In a small town, little is private. There is speculation about why I have not had a baby.
I sense Julian is anxious. He sees a family as the ultimate expression of unity.
My barrenness can no longer be put down to a tentative husband. Julian has learnt how to love me and there’s no reason, according to our family doctor whom I visited quietly in Cape Town, for me not to fall pregnant. Daph has two children already. Susan, in England, has twins.
I’m ready for a child. I’ve made my peace with this place. I have banished – I think – the unease, the vibrations that once disturbed me and I don’t go looking for trouble.
I grow vegetables in our plain garden with mixed success, but at least I try.
The Afrikaans woman, Truda, has become my friend. We are in tune despite her husband’s antipathy towards me. And I know a dozen women by name who will speak readily to me and who I hope, this year, will accept an invitation to tea.
Just as I’ve waited for the veld to bloom, so I have waited for the first shoots of friendship.

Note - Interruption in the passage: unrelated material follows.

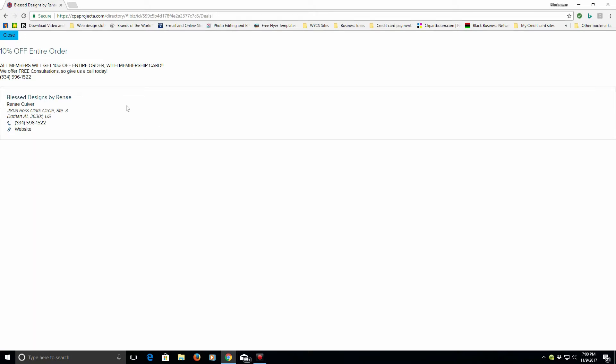We thank you for coming in. My name is Mack Royce Corbett once again with Computer Print Etc. If you have any questions, feel free to give us a call. And this is cpeprojecta.com.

I’m writing this on the train. Snow speckles the very tops of the Hex River mountains. The vines are winter-bare against the e
arth.
The sidings trundle by, Orchard, Sandhills …
North-west to Tulbach to avoid the gradients of Du Toit’s and Bain’s Kloof, south to Wellington.
The first sight of Table Mountain.
I see Mother once a month. When she has gone, there will be less excuse to visit Father and my beloved peninsula so frequently.
‘She’s better today, Miss Fran,’ Violet murmured. Mother has replaced Aunt Mary in Violet’s affections. ‘She always is when she knows you’re coming.’
The velvet curtains were half-drawn – Mother finds daylight too bright – casting the bedroom into permanent twilight. She was propped up against the pillows, a shrunken figure but still carefully coiffed. Violet sets her hair for her every other day. I wish Sipata was more like Violet, more like a friend.
‘Frances!’ Mother held out her arms.
I went over and embraced her gently. Mother still doesn’t do fulsome hugs, but she’s more emotional than she used to be. She cannot close doors behind her any longer.
‘How was the journey? How is dear Julian?’
‘It was beautiful, Mother. Snow on the mountains. Julian sends his love.’
She sank back against her pillows. ‘I’m so relieved – every day, Frances – that you have Julian.’